Re: [GENERAL] SUBSTRING performance for large BYTEA

2007-08-18 Thread Joshua D. Drake
-BEGIN PGP SIGNED MESSAGE-
Hash: SHA1

Karsten Hilbert wrote:
 On Sat, Aug 18, 2007 at 12:20:42PM -0400, Tom Lane wrote:
 
 Vance Maverick [EMAIL PROTECTED] writes:
 My question is about performance in the postgres server.  When I execute
 SELECT SUBSTRING (my_bytea FROM ? FOR ?) FROM my_table WHERE id =3D ?,
 does it fetch the whole BYTEA into memory?  Or does it access only the
 pages that contain the requested substring?
 Recent releases will do what you want if the column has been marked
 SET STORAGE EXTERNAL (before storing anything in it...)  See the
 ALTER TABLE reference page.
 Ah, thanks, good to know !
 
 Recent releases seems to mean at least as far back as 8.1
 going by the docs.
 
 Now, to convert an existing bytea column I would need to add
 a new bytea column with set storage external, move the
 data from the old column to the new column, remove the old
 column, and give the new column the original name, correct ?
 
 Or is the an easier way ?

Well this is a guess, but:

Set existing column to storage external
update existing column with existing data:

UPDATE foo SET bar = bar;

Now the down side to this is you are going to create a dead row for
every update which means a vacuum (probably full) afterward, but the way
you describe above will do the same thing as well.

Sincerely,

Joshua D. Drake


 
 Karsten


- --

  === The PostgreSQL Company: Command Prompt, Inc. ===
Sales/Support: +1.503.667.4564   24x7/Emergency: +1.800.492.2240
PostgreSQL solutions since 1997  http://www.commandprompt.com/
UNIQUE NOT NULL
Donate to the PostgreSQL Project: http://www.postgresql.org/about/donate
PostgreSQL Replication: http://www.commandprompt.com/products/

-BEGIN PGP SIGNATURE-
Version: GnuPG v1.4.6 (GNU/Linux)
Comment: Using GnuPG with Mozilla - http://enigmail.mozdev.org

iD8DBQFGxyseATb/zqfZUUQRAn7AAJ9jzhsOb8xoy9QWoI6yfNV4cO9Z3gCeJG6W
n3Z0uaYp5d6QGoFP3O8QJUI=
=fIqx
-END PGP SIGNATURE-

---(end of broadcast)---
TIP 2: Don't 'kill -9' the postmaster


Re: [GENERAL] SUBSTRING performance for large BYTEA

2007-08-18 Thread Karsten Hilbert
On Sat, Aug 18, 2007 at 12:49:09PM -0400, Tom Lane wrote:

 Joshua D. Drake [EMAIL PROTECTED] writes:
  Should we consider setting storage external by default for the type?
 
 No.  That would be counterproductive for the more typical case of bytea
 values in the range of some-small-number-of-kilobytes.  Or at least
 I think that's more typical than values that are so large you have to go
 out of your way to fetch them in chunks.
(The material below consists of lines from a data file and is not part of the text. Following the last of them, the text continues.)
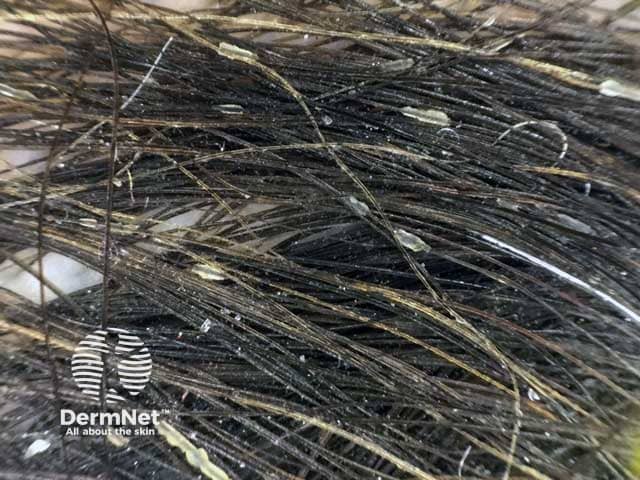Дерматоскопическая картина волосяных муфт (псевдомуфт), образованных слущенными гиперкератотическими и паракератотическими клетками внутреннего корневого влагалища вокруг стержня волоса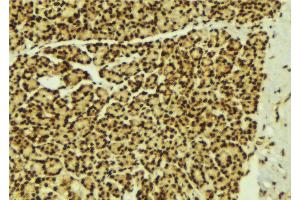 ABIN6269279 at 1/100 staining Human breast cancer tissue by IHC-P. (STAT5B 抗体  (C-Term))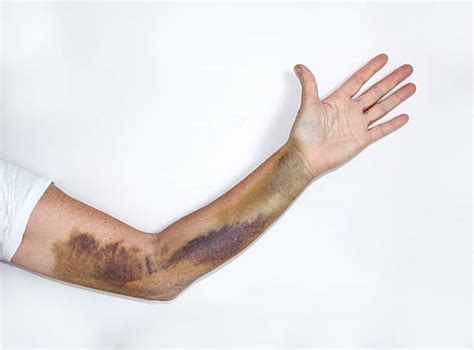 Bruised Arm Stock Photos Pictures And Royalty Free Images Istock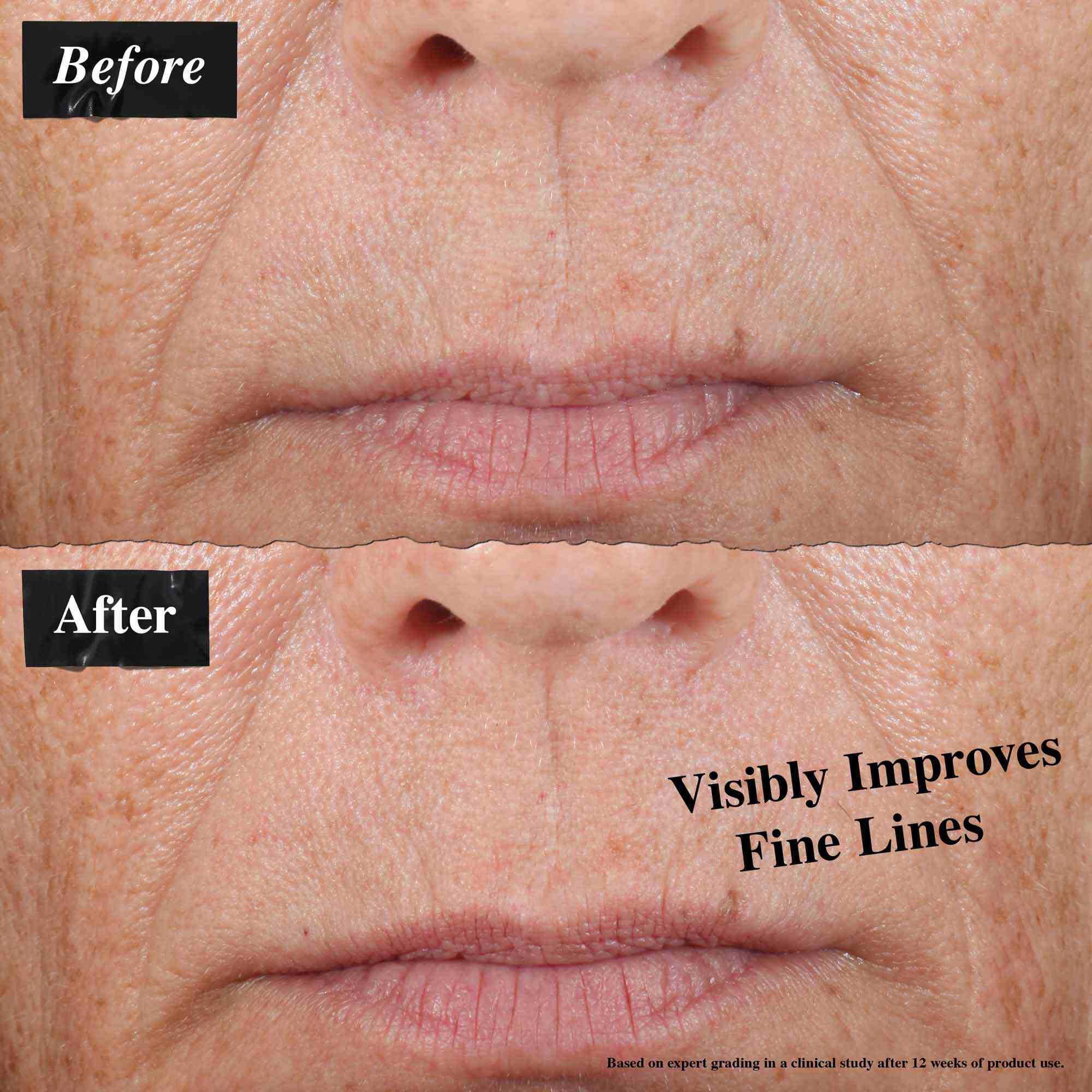 Una comparacion de antes y despues que muestra lineas de expresion visiblemente reducidas tras usar el aceite facial Midnight Recovery Concentrate.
Would it be feasible to add an ALTER TABLE mode

... set storage externally-extended cutoff size ...

where size is the user configurable size of the column
data at which PostgreSQL switches from extended to external
storage strategy ?

Such that large bytea values would be chunkable while
smaller ones wouldn't at the discretion of the DBA.

Karsten
-- 
GPG key ID E4071346 @ wwwkeys.pgp.net
E167 67FD A291 2BEA 73BD  4537 78B9 A9F9 E407 1346

---(end of broadcast)---
TIP 3: Have you checked our extensive FAQ?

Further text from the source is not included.